West Virginia's Alex Ruoff looks to drive around Winthrop's Michael Jenkins.
West Virginia's Alex Ruoff looks to drive around Winthrop's Michael Jenkins.

MORGANTOWN, W.Va. -- There wasn't much for Winthrop coach Randy Peele to say after Saturday's 70-53 whipping at the hands of West Virginia.

"I'm disgusted, quite honestly," he said.

And with good reason.

The Mountaineers (5-1) took it to the Eagles (4-3) on the defensive end, took them out of any semblance of offense, forced them into bad shots and seemingly made every pass an adventure. And perhaps what disgusted Peele more than anything, was his players didn't respond well to what they had to know was coming.

"More than anyone we've played this season," Peele said, "they made each catch more difficult. We knew they were the best team we've played in terms of doing that. For 40 minutes, they made if very difficult to catch the ball."

Making a pass at times was about as difficult as throwing a rock through a keyhole.
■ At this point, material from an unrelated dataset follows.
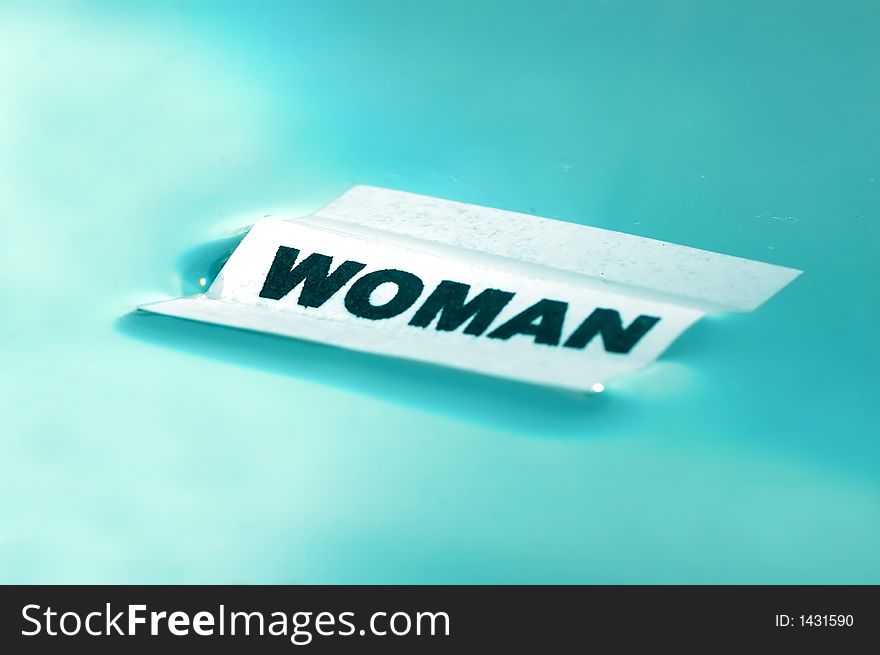 Card floating on water surface with printed word: WOMAN. Card floating on water surface with printed word: WOMAN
The Mountaineers got into the passing lanes and kept the ball on one side of the floor. On those occasions when they were able to get the ball to the top of the key, the Eagles weren't able to get the ball into the lane off the dribble or to make a clean pass to anyone for an open shot.

"They made it difficult for anybody to catch it," Winthrop's Michael Jenkins said, "and they pushed our offense out farther on the floor."

If they were fortunate enough to catch it, putting it in the hole became just as much an adventure.

The Eagles were held to their lowest point total since getting only 51 at Texas A&M last December, but the most glaring number was the field goal percentage -- 29.8 -- which was the lowest in at least three seasons. And the Eagles had to get better in the second half just to get to that. In the first half, they shot just 4-of-21, 19 percent.

Jenkins was 3-for-15 and didn't get his first bucket until 7:35 to play. Taj McCullough was 1-for-6, Chris Gaynor 3-for-7.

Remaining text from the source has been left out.